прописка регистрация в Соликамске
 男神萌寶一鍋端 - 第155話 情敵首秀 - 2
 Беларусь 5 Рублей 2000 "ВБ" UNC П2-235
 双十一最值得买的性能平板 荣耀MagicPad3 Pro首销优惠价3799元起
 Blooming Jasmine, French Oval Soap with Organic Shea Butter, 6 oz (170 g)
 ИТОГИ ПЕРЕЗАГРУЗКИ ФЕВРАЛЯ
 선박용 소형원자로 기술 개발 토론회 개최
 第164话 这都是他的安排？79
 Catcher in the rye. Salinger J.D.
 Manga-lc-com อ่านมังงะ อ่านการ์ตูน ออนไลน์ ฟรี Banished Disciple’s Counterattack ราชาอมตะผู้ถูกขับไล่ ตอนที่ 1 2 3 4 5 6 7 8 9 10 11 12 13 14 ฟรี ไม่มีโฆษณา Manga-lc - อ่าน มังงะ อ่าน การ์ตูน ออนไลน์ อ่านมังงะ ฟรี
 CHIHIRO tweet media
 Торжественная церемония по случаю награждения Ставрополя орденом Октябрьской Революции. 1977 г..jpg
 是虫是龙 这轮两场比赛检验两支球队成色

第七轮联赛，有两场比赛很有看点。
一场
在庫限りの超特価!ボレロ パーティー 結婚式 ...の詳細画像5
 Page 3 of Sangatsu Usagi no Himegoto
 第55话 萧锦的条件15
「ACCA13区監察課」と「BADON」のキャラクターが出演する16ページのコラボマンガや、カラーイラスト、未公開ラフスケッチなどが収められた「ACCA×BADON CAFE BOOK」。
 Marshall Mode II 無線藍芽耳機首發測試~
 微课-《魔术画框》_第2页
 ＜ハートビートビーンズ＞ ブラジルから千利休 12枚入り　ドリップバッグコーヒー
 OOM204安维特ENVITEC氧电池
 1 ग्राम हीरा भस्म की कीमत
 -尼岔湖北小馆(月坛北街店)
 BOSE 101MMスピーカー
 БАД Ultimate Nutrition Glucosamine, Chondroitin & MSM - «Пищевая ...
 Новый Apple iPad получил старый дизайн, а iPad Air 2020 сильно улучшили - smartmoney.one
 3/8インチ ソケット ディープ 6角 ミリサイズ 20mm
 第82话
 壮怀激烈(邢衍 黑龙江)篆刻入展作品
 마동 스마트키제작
════════════════════
- How to complete this task:
Copy the entire listing, keeping each line exactly as it is.

- Response below:
прописка регистрация в Соликамске
 男神萌寶一鍋端 - 第155話 情敵首秀 - 2
 Беларусь 5 Рублей 2000 "ВБ" UNC П2-235
 双十一最值得买的性能平板 荣耀MagicPad3 Pro首销优惠价3799元起
 Blooming Jasmine, French Oval Soap with Organic Shea Butter, 6 oz (170 g)
 ИТОГИ ПЕРЕЗАГРУЗКИ ФЕВРАЛЯ
 선박용 소형원자로 기술 개발 토론회 개최
 第164话 这都是他的安排？79
 Catcher in the rye. Salinger J.D.
 Manga-lc-com อ่านมังงะ อ่านการ์ตูน ออนไลน์ ฟรี Banished Disciple’s Counterattack ราชาอมตะผู้ถูกขับไล่ ตอนที่ 1 2 3 4 5 6 7 8 9 10 11 12 13 14 ฟรี ไม่มีโฆษณา Manga-lc - อ่าน มังงะ อ่าน การ์ตูน ออนไลน์ อ่านมังงะ ฟรี
 CHIHIRO tweet media
 Торжественная церемония по случаю награждения Ставрополя орденом Октябрьской Революции. 1977 г..jpg
 是虫是龙 这轮两场比赛检验两支球队成色

第七轮联赛，有两场比赛很有看点。
一场
在庫限りの超特価!ボレロ パーティー 結婚式 ...の詳細画像5
 Page 3 of Sangatsu Usagi no Himegoto
 第55话 萧锦的条件15
「ACCA13区監察課」と「BADON」のキャラクターが出演する16ページのコラボマンガや、カラーイラスト、未公開ラフスケッチなどが収められた「ACCA×BADON CAFE BOOK」。
 Marshall Mode II 無線藍芽耳機首發測試~
 微课-《魔术画框》_第2页
 ＜ハートビートビーンズ＞ ブラジルから千利休 12枚入り　ドリップバッグコーヒー
 OOM204安维特ENVITEC氧电池
 1 ग्राम हीरा भस्म की कीमत
 -尼岔湖北小馆(月坛北街店)
 BOSE 101MMスピーカー
 БАД Ultimate Nutrition Glucosamine, Chondroitin & MSM - «Пищевая ...
 Новый Apple iPad получил старый дизайн, а iPad Air 2020 сильно улучшили - smartmoney.one
 3/8インチ ソケット ディープ 6角 ミリサイズ 20mm
 第82话
 壮怀激烈(邢衍 黑龙江)篆刻入展作品
 마동 스마트키제작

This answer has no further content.